# Vin de Noix



## Tball (Jul 2, 2021)

I've just started my first ever batch of vin de noix. I saw the guy on "Escape to the Chateau" making it.


----------



## cmason1957 (Jul 2, 2021)

Very interesting sounding, I found this on their Facebook page:


> Now is the time of year to make vin de noix, walnut wine, a popular aperitif in the French countryside. It has a delicious, rich flavour and is a firm favourite at Rosières, although so far we've depended on our lovely neighbours for our supply. This year Marc took tips from some local ladies and had a crack at it himself.
> The crucial thing is to pick the walnuts at just the right time. They should still be green and the nut case inside not at all woody.
> .
> How to make walnut wine:
> ...


----------



## Tball (Jul 2, 2021)

40 immature black walnuts (green)
5L boxed red
750ml brandy
375ml vodka
5 cups sugar
1 orange (peeled & diced)
1 lemon (peeled & diced)


----------



## franc1969 (Jul 2, 2021)

I did this with black walnuts. It's one of the only ways I get anything instead of fighting the squirrels in the autumn. I tried several types of recipes- with red wine, with white wine, brandy only, with lemon peel and vanilla, with other spices. I am taking down a tree this weekend, the nuts are going in something.


----------



## winemaker81 (Jul 2, 2021)

How much does 40 green walnuts weigh? I don't have direct access to green walnuts, but am thinking of trying the NC State Farmers Market.

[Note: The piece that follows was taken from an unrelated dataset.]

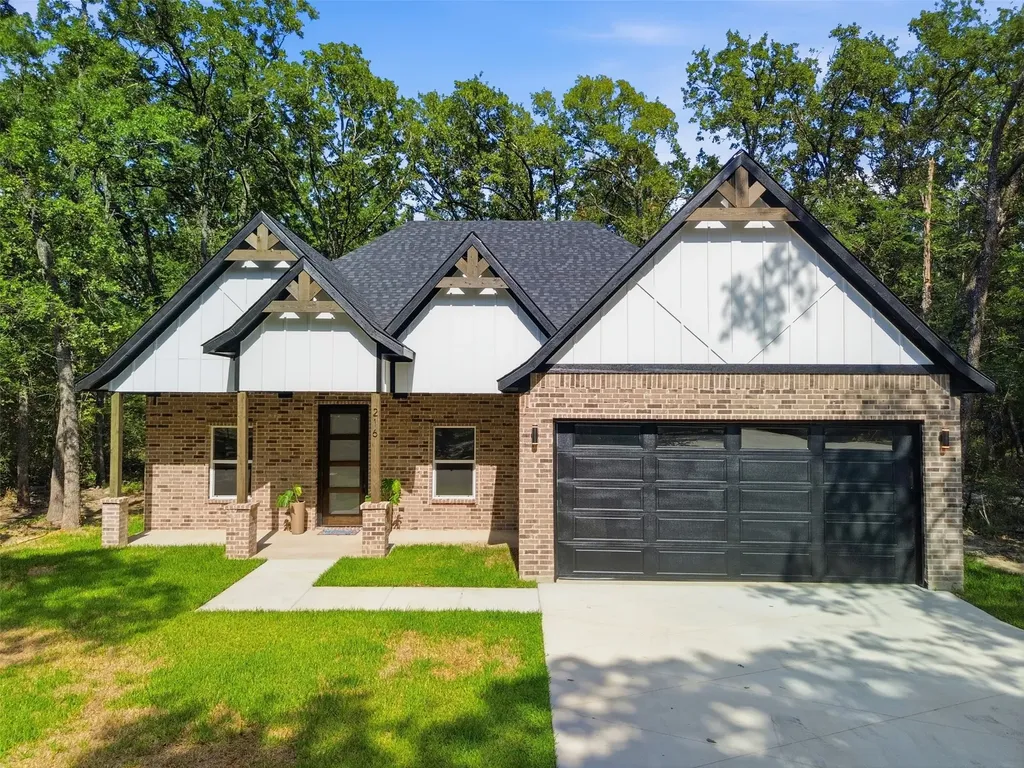 216 E Beachwood Loop Trinidad TX 75163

Given how well Everclear (150 proof) extracts for limoncello, I'm wondering if it would work to substitute Everclear for the vodka and steep the walnuts in just Everclear for a week, then add everything else.


----------



## Tball (Jul 2, 2021)

I read where one person omitted the spices and was quite happy with the result. I think the brandy will impart plenty of flavors. I have no idea what the walnuts will do to the taste. I know they were very fragrant before slicing. A family member shipped me the walnuts, but some smaller ones molded in transit. I gave the better ones a good washing before hand.


----------



## franc1969 (Jul 2, 2021)

winemaker81 said:


> How much does 40 green walnuts weigh?
> 
> Given how well Everclear (150 proof) extracts for limoncello


I don't remember what they weigh, i just picked a few and measured after. Kind of rough measure, as some recipes called for 40, some by weight, some other measures. i did use Everclear for the alcohol on some, adjusted to vodka level %.


----------



## winemaker81 (Jul 2, 2021)

franc1969 said:


> I don't remember what they weigh, i just picked a few and measured after. Kind of rough measure, as some recipes called for 40, some by weight, some other measures. i did use Everclear for the alcohol on some, adjusted to vodka level %.


I was looking at purchasing, but as it's by pounds I was trying to figure out how much. If I get to the farmer's market I should be able to pick 40 and simply buy by weight.


----------



## franc1969 (Jul 2, 2021)

I can weigh when i get outside again in a bit.


----------